North Shropshire by-election: Has Boris Johnson lost his winning touch?
- Published
How did the Conservatives lose one of their safest seats to the Liberal Democrats, in one of the biggest upsets in recent electoral history?
Questions over Christmas parties in Downing Street undoubtedly ignited the North Shropshire by-election campaign, but before that opposition parties had already picked up a sense of people in this safe, rural, Tory seat feeling undervalued and overlooked.
Both the Liberal Democrats and Labour pushed the idea of Conservative voters being taken for granted, pointing to "levelling-up" money going to formerly rock-solid Labour "red wall" areas in the Midlands and northern England, rather than North Shropshire.
The risk for the Conservatives is that same sense generated in this by-election is replicated in other Tory heartlands.
When Mr Johnson won a landslide in the 2019 general election, he ripped up the old electoral map and charged into Labour areas.
The challenge he has now is how to keep all those voters on side - finding an approach that speaks to newly won Tories in the Midlands and North without alienating traditional voters elsewhere.
It was only in May that the Tories swept Labour aside in a by-election in Hartlepool. In July there was talk of them winning in Batley and Spen, in West Yorkshire, before Labour managed a narrow hold.
The North Shropshire result without doubt demonstrates how quickly political fortunes can shift - and the recent turbulence in Westminster has played a significant part. There is frustration, and anger, at the government's direction.
But perhaps it demonstrates a change in mood that runs deeper, that could present a longer-term challenge for Mr Johnson's Conservative Party.

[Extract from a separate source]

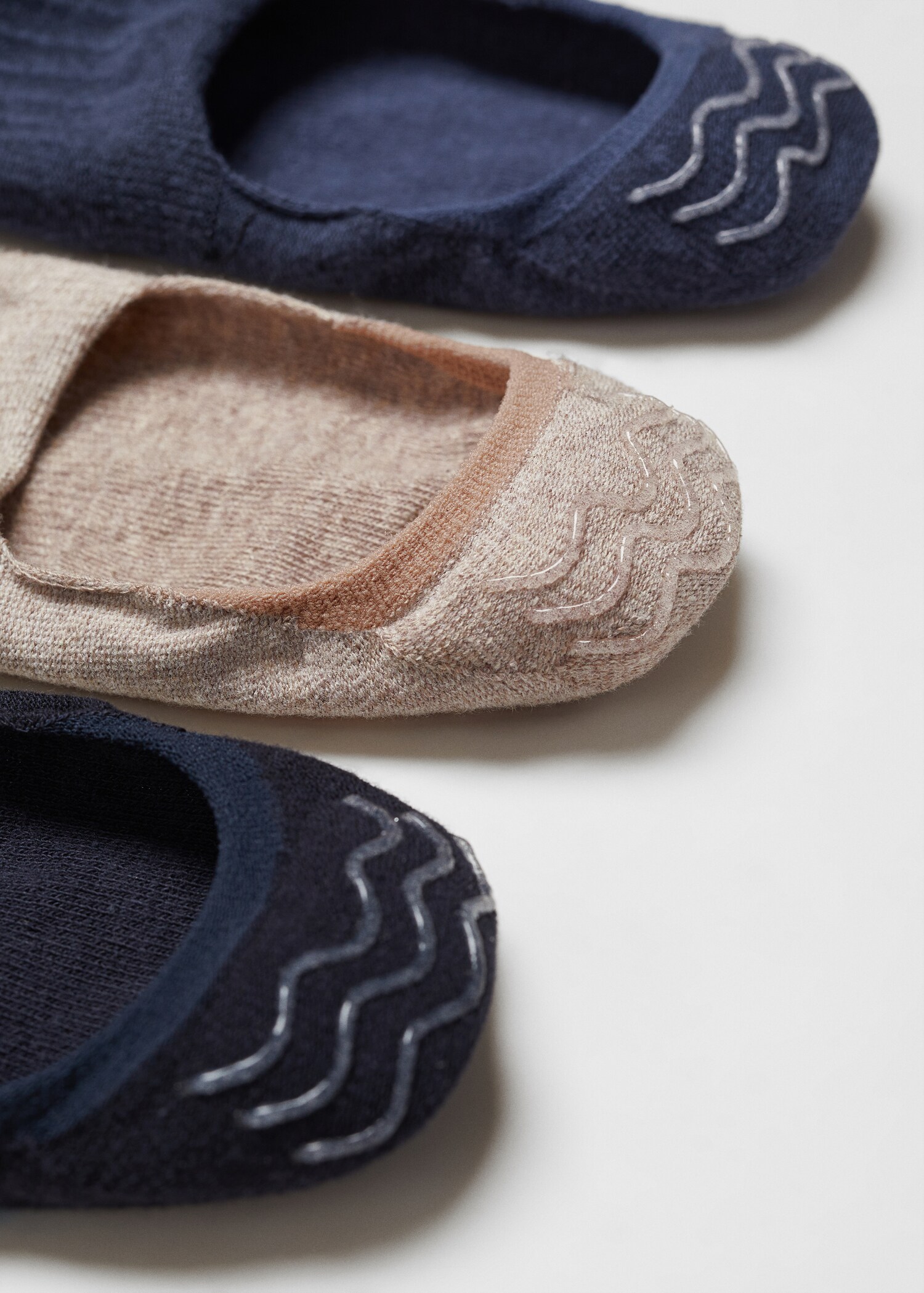 3-pack of striped design socks - Men | MANGO OUTLET United Kingdom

Its next electoral test will come in May, with local elections across England.
A bad set of results in Conservative heartlands would further wound Mr Johnson, and set nerves jangling about the next general election, which has to be held by May 2024.
There is already talk in some Tory circles about a leadership challenge next summer. A lot could happen before then and it may never amount to more than talk, but the party is famously unsentimental about ditching leaders that start to be seen as a liability at the polls.
It is dangerous to read too much into the North Shropshire result.
The Lib Dems threw everything at this campaign in an effort that would be hard to replicate across the country at a general election, but they have proven they can take on the Conservatives in parts of the country where support has been strongest.
Labour is also facing questions over whether it could - or should - have done better in North Shropshire.
Sir Keir Starmer's party has denied there was a pact to hang back and allow the Lib Dems a run at this seat, with the candidate Ben Wood insisting he put every effort into it and was backed by the national party.
But it does seem Sir Ed Davey's party was campaigning harder. The Lib Dem leader visited North Shropshire multiple times, while Sir Keir did not come once.
In 2019 Labour came second in North Shropshire, but now it has been pushed back to third.
There will be those who argue it was the fact voters coalesced around the Lib Dems that landed a body blow on the Conservatives.
But it is a blow many would think Sir Keir would have liked to have claimed himself, to cement Labour as the main challenger to the Tories in the public eye and prove it can take them on and win.
There is always a danger in reading too much into a single by-election result, when such votes always take place in a very particular set of circumstances.
But if this does suggest the electoral map is still shifting, Labour has to find its way to win too.